Little league baseball is more than a game to struggling community

Published 8:05 am Wednesday, June 23, 2010

I began my involvement with Little League baseball in 1975. I was a Courtland Peewee at that time, and then moved up the Midget ranks as I got older.

As I look at the league today, I see tremendous growth and expansion. We now have five levels of baseball as well as girls softball.

More important are the effects I see this organization has on the community.

The past two years have been economically challenging to say the least. With job layoffs, transfers and overall pressures from the economic downturn, we have seen firsthand the effects on our friends and loved ones.

Each one of us personally knows someone affected directly or indirectly by the nation’s economy. However, there is a small glimmer of light in this period of trials and tribulations.

As a parent and coach of young kids involved in this league, I have the privilege of working directly with our next generation of leaders through Little League baseball. Over the course of this season, I have seen parents and fans come to the ballgames with looks of worry and uncertainty about their futures.

However, once the umpire calls out “play ball,” a transition occurs.

As I watch from the dugout, a group of people become enthralled in watching our kids participate in our nation’s pastime. Parents, grandparents and other spectators engage in conversation about the game and reminisce about their childhood time as a player, usually remembering they were better than they actually were to see the world as kids do.

They are always looking for the positive in things and not allowing worry to cross their little minds. We could stand to take a little of this into our daily lives as adults.

As we have completed the 2010 season and are about to move on to All-Stars, I encourage each of you to continue to support this program in years to come as it has supported us to this point.

I will leave with a couple of thoughts.

First for the kids, don’t focus so much on the wins and losses; it is far more important to focus on the manner in which you play the game.

For the adults, as you think back about your time as a player, do you really remember the wins and losses? Or do you remember the lifelong friends you made at the time? Do you remember a coach who said or did something who has stayed with you through your adult life?

Whether it is Friday night under the lights or Saturday or Sunday, this league provides a few hours of relief from the pressures of the challenges that face our community.

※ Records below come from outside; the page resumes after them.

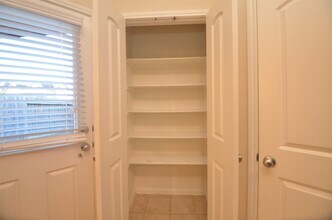 8335 Columbia Forest Dr in Houston, TX - Building Photo - Building Photo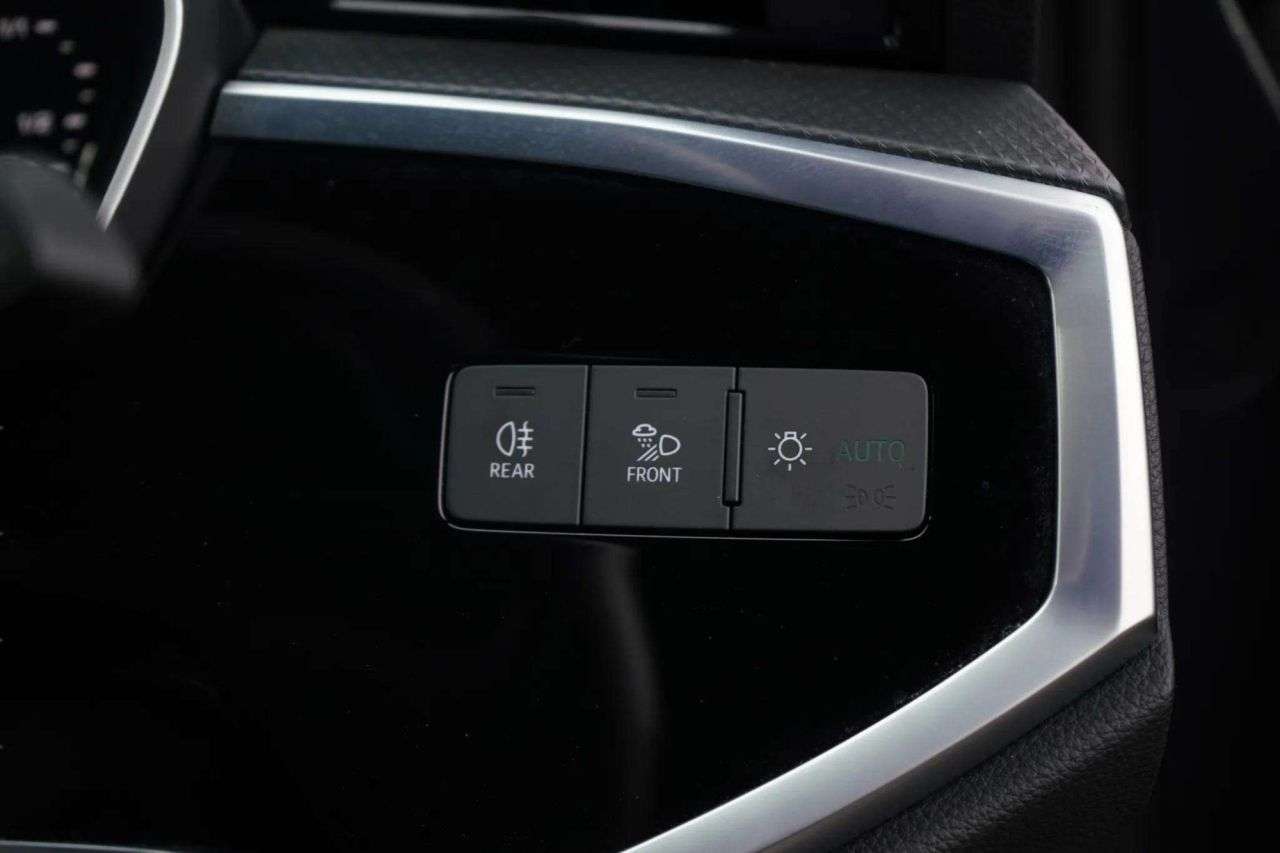 2022 AUDI Q3 2022 AUDI Q3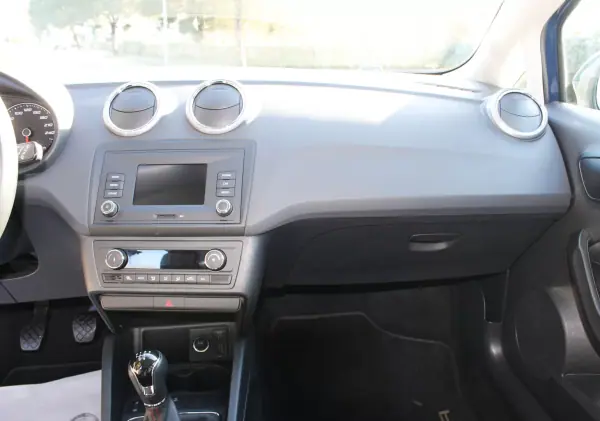 SEAT Ibiza 2017 - 12500 EUR, 55000 km - AUTO.MOTO.pt - 55000km - foto 24 de 41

I see kids enjoying the game as I once did and learning the valuable lessons of teamwork, sportsmanship and character. We as coaches and fans constantly have to fight back the urges to allow our emotions and passion to cloud our views of the ultimate goal of league.

Our goal as the current administrators of this league is to ensure we are teaching our kids the values so they can become positive contributors to their communities in years to come and have fun doing it.

Sometimes I find myself fuming over losses for days, sometimes weeks. “What went wrong?” I’ll ask. “What could I have done differently?”

Recently I observed our kids after a tough loss, as we lined up to shake hands; our kids were visibly down. However, 10 minutes after the game, I see those same kids from both teams walking side by side, laughing and sharing a hot dog and soda.

This is where the students teach the professors a valuable lesson. When it is said and done, this is only a game. We as parents and coaches must allow our kids to enjoy and learn without our emotions getting the better of us.